*WHAT YOU SHOULD DO:* All the data below goes into the copy word for word, but the pictures don't.
*** Opening DATA SHOWN ***
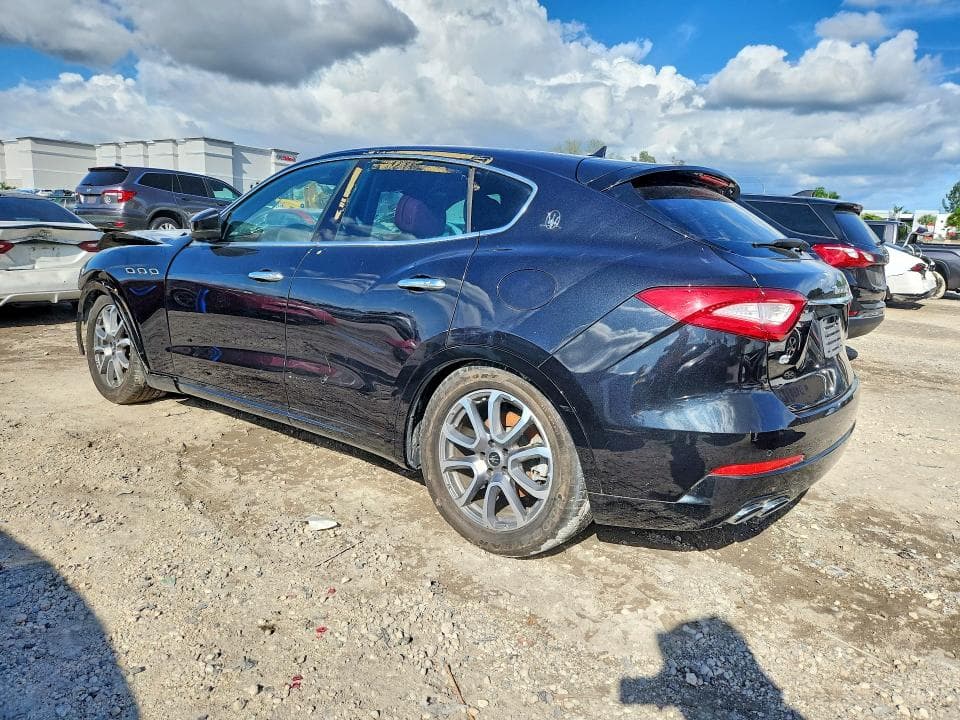 2020 MASERATI LEVANTE 2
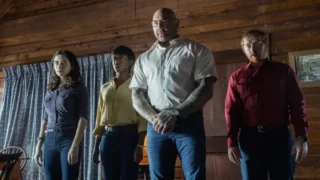 Bussano alla porta: trama, cast e curiosità sul film in onda su Mediaset Italia 2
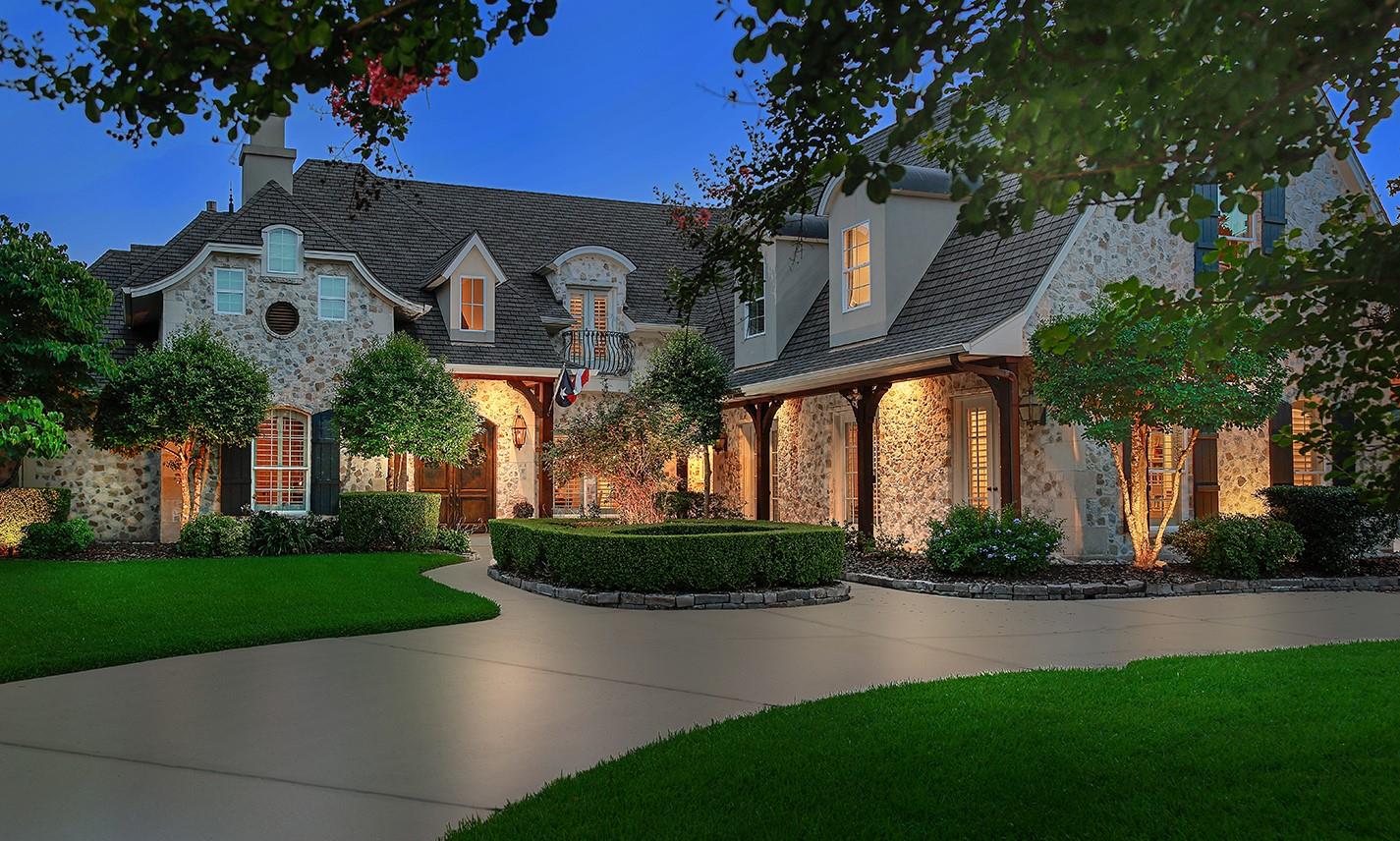 28207 E Benders Landing Boulevard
*** Closing DATA SHOWN ***
*RESPONSE TO THIS EXERCISE:*
 2020 MASERATI LEVANTE 2
 Bussano alla porta: trama, cast e curiosità sul film in onda su Mediaset Italia 2
 28207 E Benders Landing Boulevard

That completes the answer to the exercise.